WHAT YOU NEED TO DO:
Taking the first line of the listing as the start and the line containing "شاطئ الحديريات ابوظبي" as the end, reproduce everything in between exactly, both ends included.

[[ MATERIAL PROVIDED open ]]

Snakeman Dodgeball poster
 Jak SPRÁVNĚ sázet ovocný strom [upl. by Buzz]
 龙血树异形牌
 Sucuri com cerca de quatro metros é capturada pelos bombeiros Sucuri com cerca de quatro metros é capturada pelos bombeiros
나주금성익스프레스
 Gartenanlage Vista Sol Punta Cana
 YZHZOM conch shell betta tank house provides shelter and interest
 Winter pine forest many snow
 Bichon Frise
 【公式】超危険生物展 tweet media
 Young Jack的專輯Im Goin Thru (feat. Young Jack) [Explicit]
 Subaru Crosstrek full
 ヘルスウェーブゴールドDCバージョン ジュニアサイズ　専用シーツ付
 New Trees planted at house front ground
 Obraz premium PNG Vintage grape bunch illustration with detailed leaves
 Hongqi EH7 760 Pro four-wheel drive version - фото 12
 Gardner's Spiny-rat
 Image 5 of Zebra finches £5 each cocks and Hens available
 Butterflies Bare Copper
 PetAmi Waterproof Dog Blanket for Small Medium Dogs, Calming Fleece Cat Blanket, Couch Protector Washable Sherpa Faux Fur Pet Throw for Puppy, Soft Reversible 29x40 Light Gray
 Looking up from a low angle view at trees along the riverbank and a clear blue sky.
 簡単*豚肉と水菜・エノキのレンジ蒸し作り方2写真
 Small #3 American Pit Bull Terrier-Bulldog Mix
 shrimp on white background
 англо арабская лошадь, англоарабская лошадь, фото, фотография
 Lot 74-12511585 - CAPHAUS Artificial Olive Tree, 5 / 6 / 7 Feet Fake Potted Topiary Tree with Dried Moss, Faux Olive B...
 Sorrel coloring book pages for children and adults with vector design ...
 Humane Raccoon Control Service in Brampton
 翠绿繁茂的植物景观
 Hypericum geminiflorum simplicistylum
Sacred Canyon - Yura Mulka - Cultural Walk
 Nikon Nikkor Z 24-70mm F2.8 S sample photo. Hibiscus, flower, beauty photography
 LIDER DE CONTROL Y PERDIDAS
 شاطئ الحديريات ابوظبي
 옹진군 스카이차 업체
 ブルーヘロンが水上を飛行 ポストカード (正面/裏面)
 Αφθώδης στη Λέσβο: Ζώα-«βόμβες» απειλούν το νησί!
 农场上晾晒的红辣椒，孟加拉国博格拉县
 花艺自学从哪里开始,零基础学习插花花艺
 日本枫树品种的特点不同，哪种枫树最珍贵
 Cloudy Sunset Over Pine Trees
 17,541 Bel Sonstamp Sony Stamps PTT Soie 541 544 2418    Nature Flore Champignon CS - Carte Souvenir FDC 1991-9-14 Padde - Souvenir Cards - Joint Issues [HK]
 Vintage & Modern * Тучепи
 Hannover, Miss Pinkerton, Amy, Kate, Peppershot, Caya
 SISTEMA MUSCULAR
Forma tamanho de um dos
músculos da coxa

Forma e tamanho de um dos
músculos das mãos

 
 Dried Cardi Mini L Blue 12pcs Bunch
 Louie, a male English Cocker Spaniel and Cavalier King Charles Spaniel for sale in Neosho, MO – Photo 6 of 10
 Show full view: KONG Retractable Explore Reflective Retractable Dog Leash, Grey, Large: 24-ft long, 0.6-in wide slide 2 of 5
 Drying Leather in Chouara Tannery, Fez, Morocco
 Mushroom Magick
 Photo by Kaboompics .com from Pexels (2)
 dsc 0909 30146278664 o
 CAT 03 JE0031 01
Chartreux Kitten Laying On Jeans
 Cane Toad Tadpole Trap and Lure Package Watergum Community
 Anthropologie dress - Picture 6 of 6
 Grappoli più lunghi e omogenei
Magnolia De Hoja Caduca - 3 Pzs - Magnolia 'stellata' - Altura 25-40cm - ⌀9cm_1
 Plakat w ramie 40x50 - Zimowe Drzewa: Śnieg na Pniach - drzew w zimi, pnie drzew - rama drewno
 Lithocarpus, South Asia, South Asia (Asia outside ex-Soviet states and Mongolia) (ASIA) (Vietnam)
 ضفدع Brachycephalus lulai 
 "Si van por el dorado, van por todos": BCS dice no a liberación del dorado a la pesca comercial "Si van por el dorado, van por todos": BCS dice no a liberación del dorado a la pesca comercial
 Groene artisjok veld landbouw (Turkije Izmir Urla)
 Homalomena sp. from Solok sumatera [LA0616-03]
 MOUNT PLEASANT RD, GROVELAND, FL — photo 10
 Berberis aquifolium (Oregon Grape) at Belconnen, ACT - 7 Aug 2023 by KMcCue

[[ MATERIAL PROVIDED closed ]]

WRITTEN ANSWER:
Snakeman Dodgeball poster
 Jak SPRÁVNĚ sázet ovocný strom [upl. by Buzz]
 龙血树异形牌
 Sucuri com cerca de quatro metros é capturada pelos bombeiros Sucuri com cerca de quatro metros é capturada pelos bombeiros
나주금성익스프레스
 Gartenanlage Vista Sol Punta Cana
 YZHZOM conch shell betta tank house provides shelter and interest
 Winter pine forest many snow
 Bichon Frise
 【公式】超危険生物展 tweet media
 Young Jack的專輯Im Goin Thru (feat. Young Jack) [Explicit]
 Subaru Crosstrek full
 ヘルスウェーブゴールドDCバージョン ジュニアサイズ　専用シーツ付
 New Trees planted at house front ground
 Obraz premium PNG Vintage grape bunch illustration with detailed leaves
 Hongqi EH7 760 Pro four-wheel drive version - фото 12
 Gardner's Spiny-rat
 Image 5 of Zebra finches £5 each cocks and Hens available
 Butterflies Bare Copper
 PetAmi Waterproof Dog Blanket for Small Medium Dogs, Calming Fleece Cat Blanket, Couch Protector Washable Sherpa Faux Fur Pet Throw for Puppy, Soft Reversible 29x40 Light Gray
 Looking up from a low angle view at trees along the riverbank and a clear blue sky.
 簡単*豚肉と水菜・エノキのレンジ蒸し作り方2写真
 Small #3 American Pit Bull Terrier-Bulldog Mix
 shrimp on white background
 англо арабская лошадь, англоарабская лошадь, фото, фотография
 Lot 74-12511585 - CAPHAUS Artificial Olive Tree, 5 / 6 / 7 Feet Fake Potted Topiary Tree with Dried Moss, Faux Olive B...
 Sorrel coloring book pages for children and adults with vector design ...
 Humane Raccoon Control Service in Brampton
 翠绿繁茂的植物景观
 Hypericum geminiflorum simplicistylum
Sacred Canyon - Yura Mulka - Cultural Walk
 Nikon Nikkor Z 24-70mm F2.8 S sample photo. Hibiscus, flower, beauty photography
 LIDER DE CONTROL Y PERDIDAS
 شاطئ الحديريات ابوظبي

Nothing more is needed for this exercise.